戦後まもなくイタリアではネオレアリズモが花開き、アメリカではフィルム・ノワールがたくさん発表され、遠く日本で黒澤明や溝口健二、小津安二郎たちが世界から賞賛される映画を撮っている様を見て、"文化の国"を自称しているフランスの映画人たちは焦った。1950年代の後半になってようやく、最後発ながらフランスで"新しい波"すなわちヌーヴェルヴァーグと呼ばれる映画が登場した。その代表作とされる映画が、1959年のフランソワ・トリュフォー監督の「大人は判ってくれない」(原題は Les Quatre Cents Coups)である。
この映画は13歳のアントワーヌ・ドワネルという少年を主人公にした、トリュフォー監督の半ば自伝のような映画なのだが、本作をじっと見ていると、何がフランス映画にとって"新しい"ことだったのか分かるようになっている。

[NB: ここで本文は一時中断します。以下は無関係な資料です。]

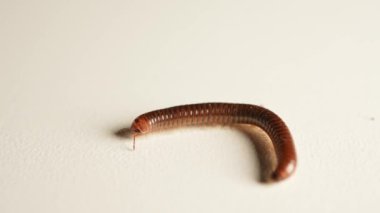 Kırkayak beyaz arka planda yürür. Korkunç sürünen böcek. Böceğin eklembacaklı gibi Cadılar Bayramı fotoğrafı. Böceklerin ve böceklerin böcek fobisi, korku.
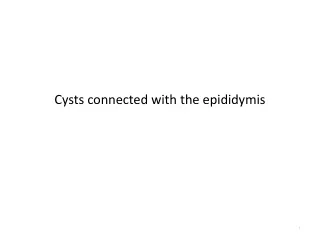 Cysts connected with the epididymis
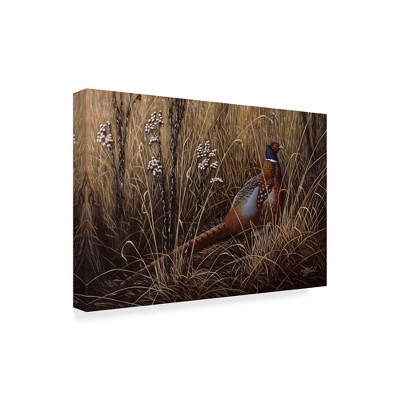Trademark Fine Art -Wilhelm Goebel 'Pheasant In The Grass' Canvas Art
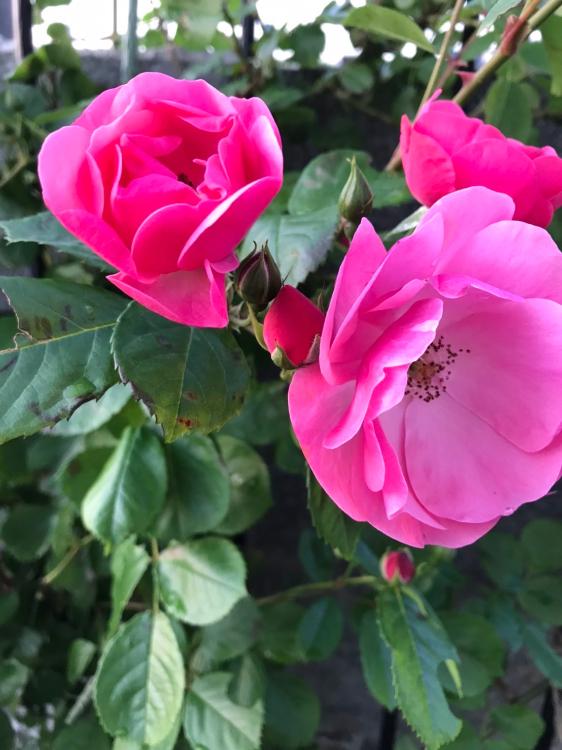 天才弁護士の溺愛ミステリー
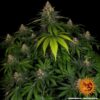 BARNEY'S FARM - SHISKABERRY STRAIN - FEM PHOTO - Image 3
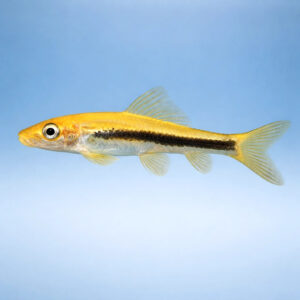 Gyrinocheilus aymonieri black gold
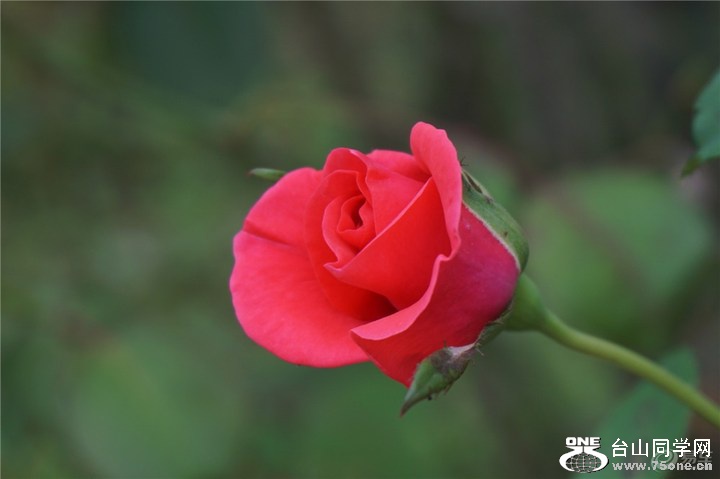 b7e61742b9964613a6e8486590108b3e_720_0_max_jpg.jpg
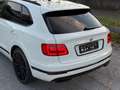 Bentley Bentayga Bentayga W12 Weiß - thumbnail 16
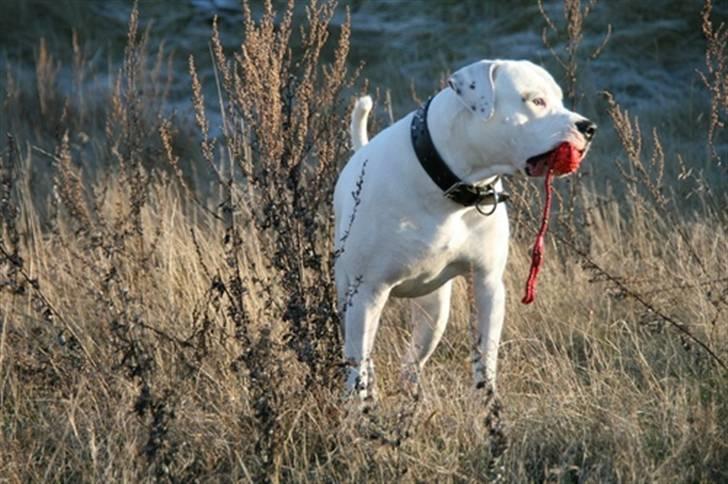 Amerikansk bulldog White Angel´s Ghost billede 3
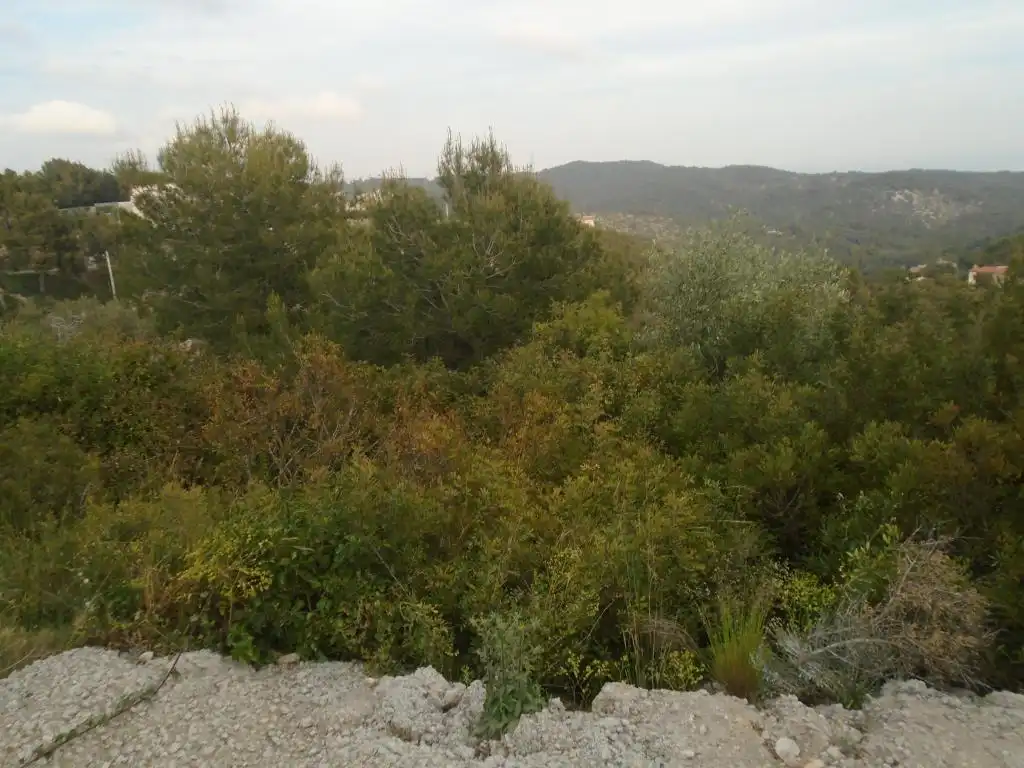 Rural land for sale in C/ Tulipa, imagen 11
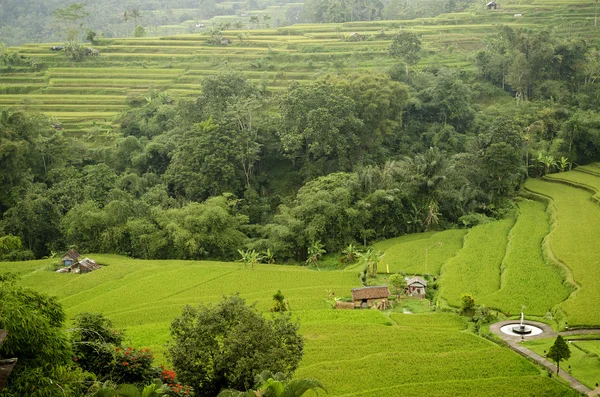 Rýžové pole terasa parkovistě v bali Indonésie — Stock fotografie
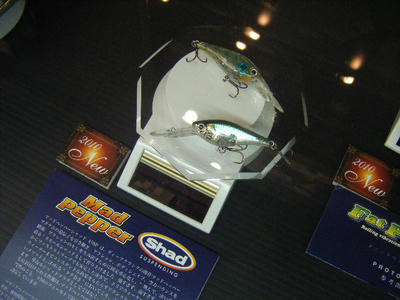 DSCF0952.JPG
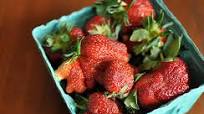 Small Batch Strawberry Rhubarb Jam Small Batch Strawberry Rhubarb Jam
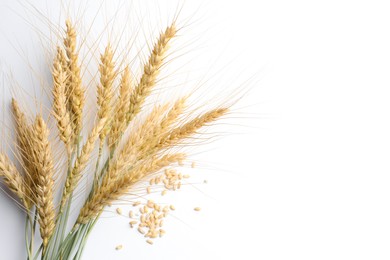 Photo of Wheat spikes and seeds on white background, flat lay. Space for text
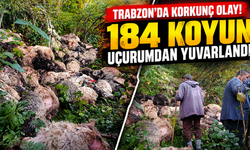 “Yabani hayvan korkusu felaket getirdi!
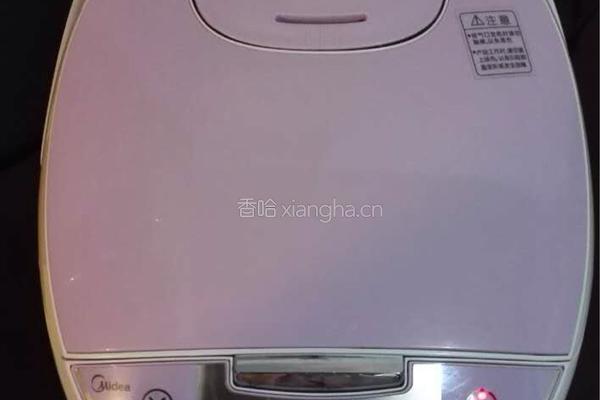 原汁原味的椰子饭的做法图解10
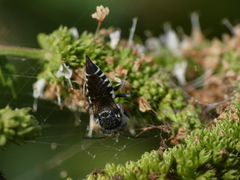 Coelioxys echinatus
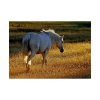 92409-422.jpg White Horses Poster
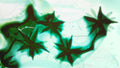 Phoretum_23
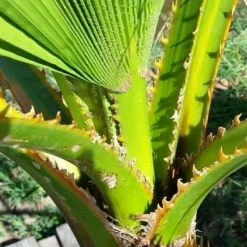 Washingtonia (Washingtonia Robusta) 16 Washingtonia (Washingtonia Robusta) -Tuin Verhaal Verkoopwinkel washingtoniarobusta04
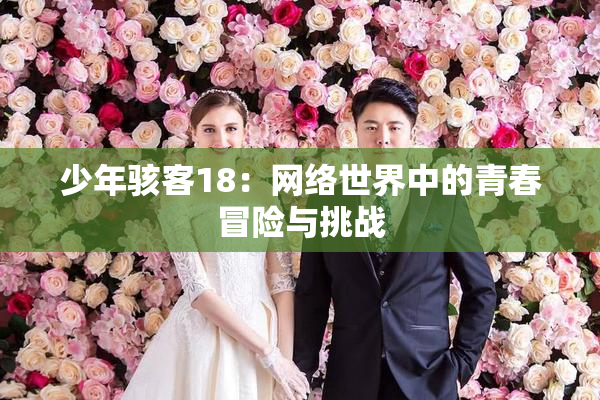 少年骇客18：网络世界中的青春冒险与挑战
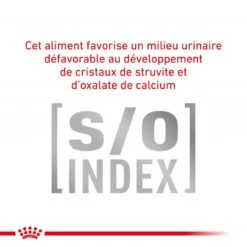 ROYAL CANIN Cat Gastro Intestinal Hairball -RIMBERIO cat gastro intestinal hairball 4
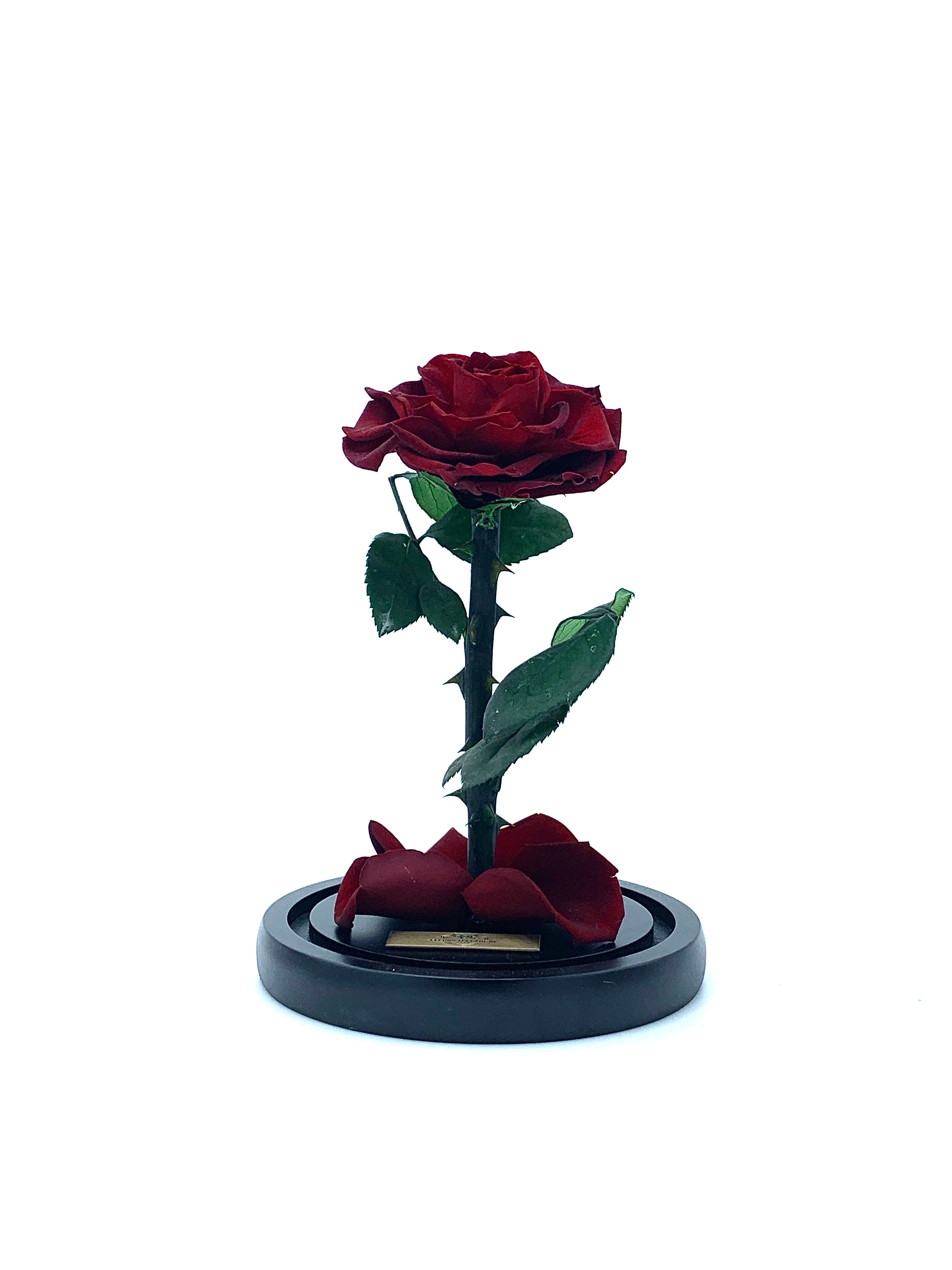 Medium Enchanted Glass Dome
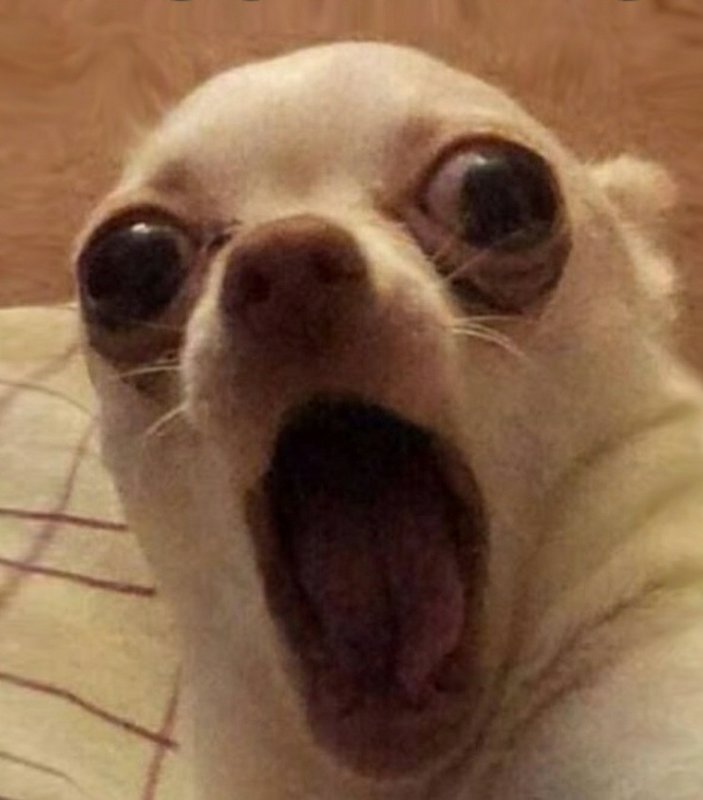 Мемы с собаками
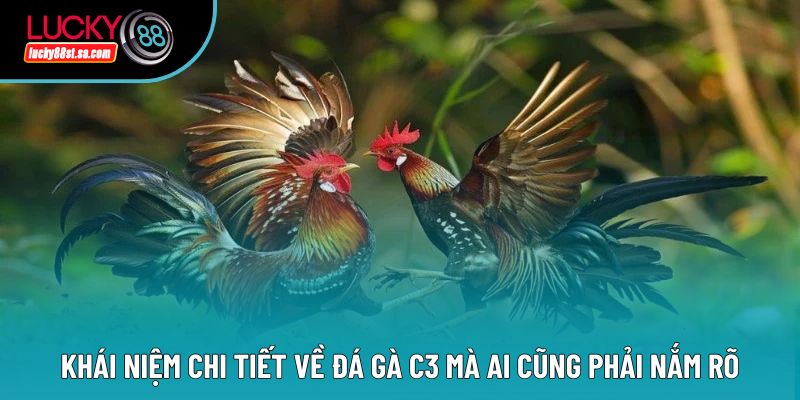 Khái niệm chi tiết về đá gà c3 mà ai cũng phải nắm rõ Khái niệm chi tiết về đá gà c3 mà ai cũng phải nắm rõ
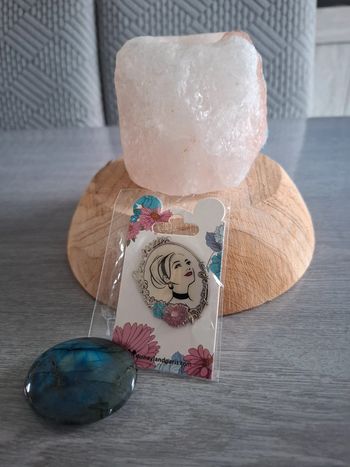 Pin broche cendrillon disneyland paris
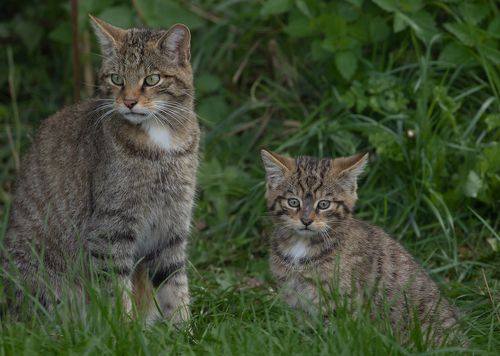Scottish Wildcat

物語の前半は、特に何か事件が起きるわけでもなく、いたずら好きの少年アントワーヌが学校で教師に怒られたり、夫婦仲の冷め切った家庭で居場所なく過ごし、友人とパリの街を散策する様子が描かれる。こうした何気ない日常をそのまま撮影していく手法はネオレアリズモの影響を強く受けている。
そのうちにアントワーヌはバルザックの「絶対の探求」をベッドで読み、気に入ったのか学校に提出する作文として小説の文章を丸ごと剽窃し、教師に激怒されるというエピソードが挿入される。僕はこのシーンを見て、ヌーヴェルヴァーグとは La Comédie humaine (人間喜劇)を映画でやろうとしたんだな、と思った。バルザックの小説のように、いろんな人たちを脇役としてではなく主役として観察し、日常のあらゆる場面をつぶさに表現することこそ、トリュフォー監督にとって"新しい"映画だったのだ。なお、バルザックについて語ると行数が増えてしまうので割愛する。そもそも、バルザックを読んだことがないのにフランス映画の感想を書くような輩は、味噌汁を飲んだことがないのに和食を語る奴に等しい。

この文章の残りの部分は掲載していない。